*TASK BRIEF*: The reply should hold only the lines below beginning at the one with "Cenare in un" and ending at the one with "2016 Dodge Challenger SRT Hellcat", copied exactly, with every picture left out.

*DATA RECORDS*:
·····

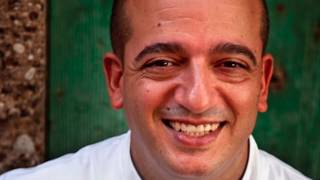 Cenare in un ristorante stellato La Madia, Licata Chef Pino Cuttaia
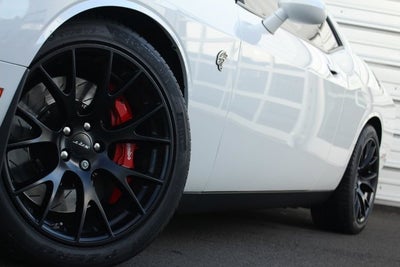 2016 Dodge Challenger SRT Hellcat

·····

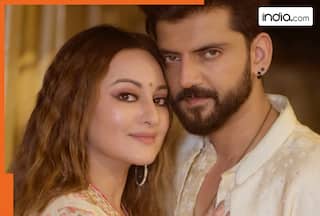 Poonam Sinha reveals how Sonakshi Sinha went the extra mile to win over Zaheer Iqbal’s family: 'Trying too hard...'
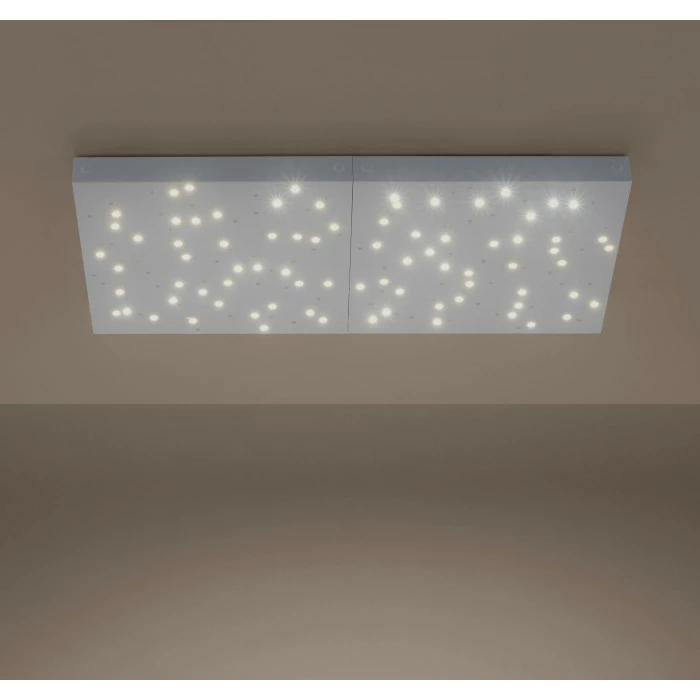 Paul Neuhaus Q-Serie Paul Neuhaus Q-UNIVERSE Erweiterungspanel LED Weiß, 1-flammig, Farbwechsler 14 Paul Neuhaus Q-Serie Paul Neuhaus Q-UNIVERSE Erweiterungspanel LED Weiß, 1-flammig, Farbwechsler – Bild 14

·····

*EXERCISE RESPONSE*:
 Cenare in un ristorante stellato La Madia, Licata Chef Pino Cuttaia
 2016 Dodge Challenger SRT Hellcat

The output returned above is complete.